Cut it out, guys. It's not cool to talk to someone like that. Show a little respect! Empty words, pretending, when you don't know what else to say, trying to save face, staying close to the guys without overreacting, catching up with Mireille and suffering her anger and disappointment, the fear of subjecting myself to yet another gaze of contempt and disgust. I preferred to take a walk in that moment. I
regretted never having accompanied my mother to church, where she goes to pray and recharge her batteries with her sisters in sorrow. I understood this need to be purified, to feel oneself cleansed and unburden the load of each day. To go and find the courage to live joyfully in an intangible world, give yourself to God, and free yourself forever from the nausea, our loyal companion from sunrise to sunset.

I finally understand you, ancestor. You tried and eventually your dreams disappeared with time. All that remains are images and stars from your childhood nights. The socialist lie punctured your youth. Today, Blacks from former allied nations are thrown from trains, and prostitution is commonplace in Cuba. The democratic parody of the Congo has transformed the proud leopards into faithless vultures with an alarming aggression. They are killing each other over a carrion of petrol. Eyes filled with tears no longer know how to cry before the horror they see. Sadly you keep repeating that those improbable black people we used to believe in have all now died. A horrible death. They settled that most cruelly, with a machete and a club, about one million times on the Rwandan hillsides. Black people only ever existed in the sinister holds of slave ships crossing the Atlantic. . . . Ancestor, in the state I'm in today, I understand you much better and I respect your silence.

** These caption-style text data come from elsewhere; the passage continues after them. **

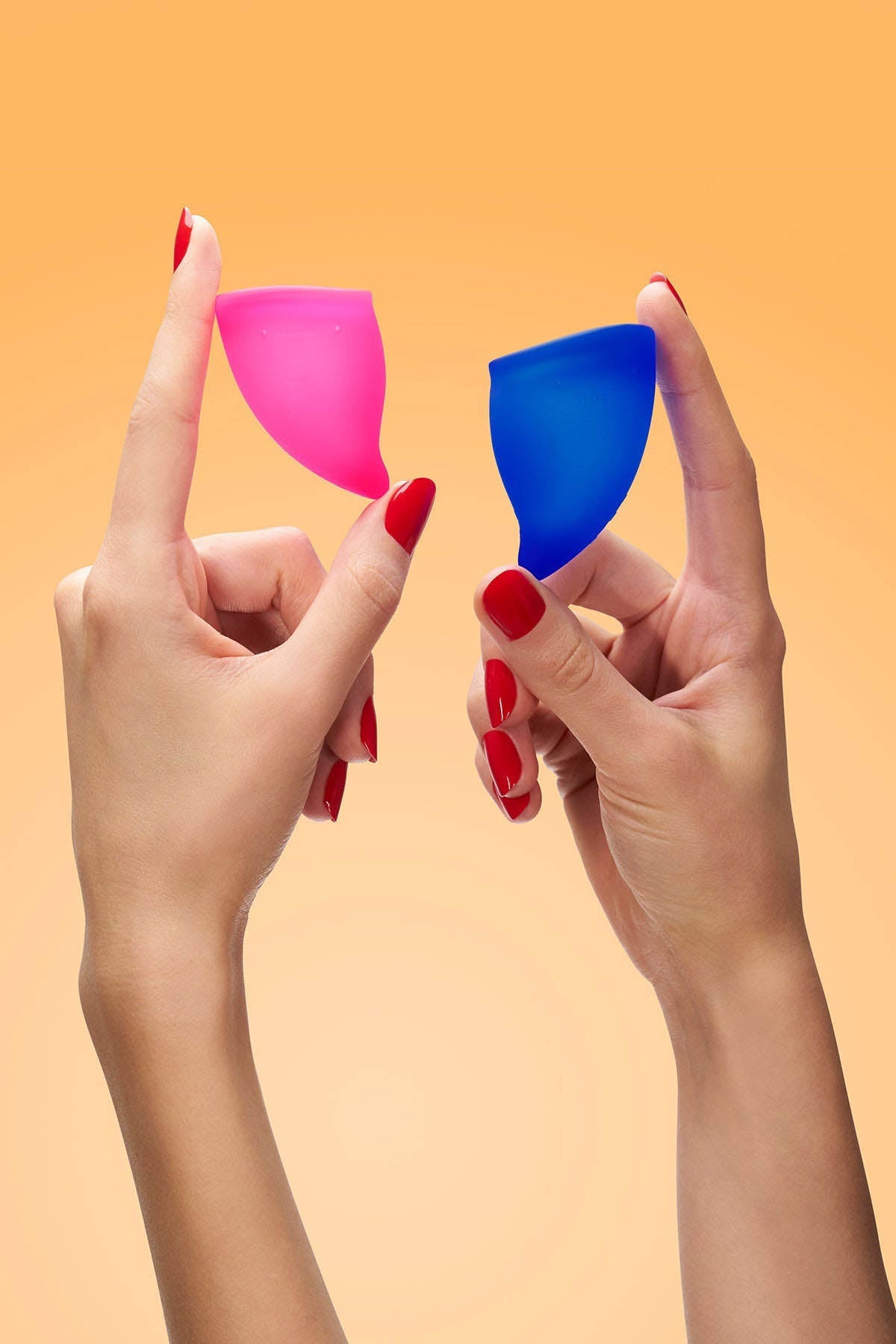 Fun Factory Fun Cup Explore Kit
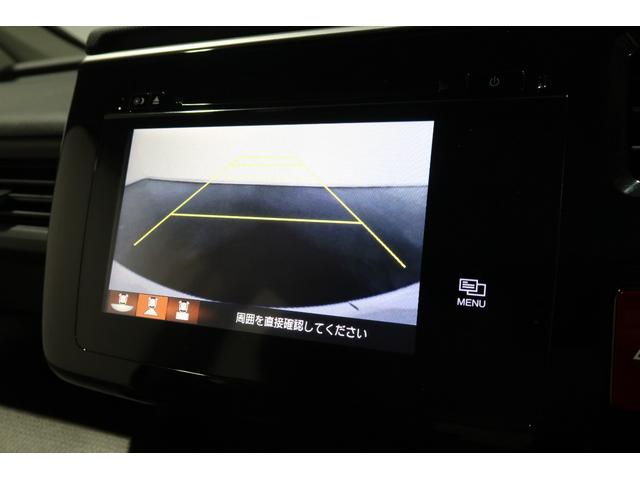 Ｇ　認定中古車ドラレコナビＢカメラ　ＬＥＤライト　地デジＴＶ　リアカメラ　キーレス　１オーナー　横滑防止　オートクルーズコントロール　Ｗエアコン　ＵＳＢ接続　ＥＴＣ車載器　イモビライザー　３列シート(6枚目)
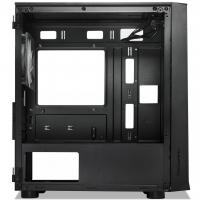 Electronics-Appliances-Tecware-Forge-M-Omni-ARGB-Mesh-Mid-Tower-Micro-ATX-Case-TG-Black-TWCA-FORGEM-BKOM-Tecware-Forge-M-Omni-ARGB-Mesh-Mid-Tower-Micro-ATX-Case-TG-Black-TW-3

. . . And to ensure that I don't advance, there are steel bars, and most importantly, an eager captain who's obsessed with me confessing to a murder!

It was around 5:30
PM
, Pascal Froment, a civil servant in the national police force in Paris, was preparing to leave his modest home in the inner suburbs to begin the night shift. While he was putting on his jacket, his concerned young wife advised him to be careful. You could hear in her voice that she was nervous. She understood all too well how important Pascal's job was for him. It was just that in light of recent events and the escalating hostility toward police officers, her husband's night shift was making her increasingly anxious. She was trying her best not to annoy him with her worrying, but ever
since their little girl was born, the idea of losing him or even just knowing that he might be in danger was making it difficult at times for her to sleep at night. In fact the subject kept coming up and was at the core of many of their discussions, leading to more and more heated arguments.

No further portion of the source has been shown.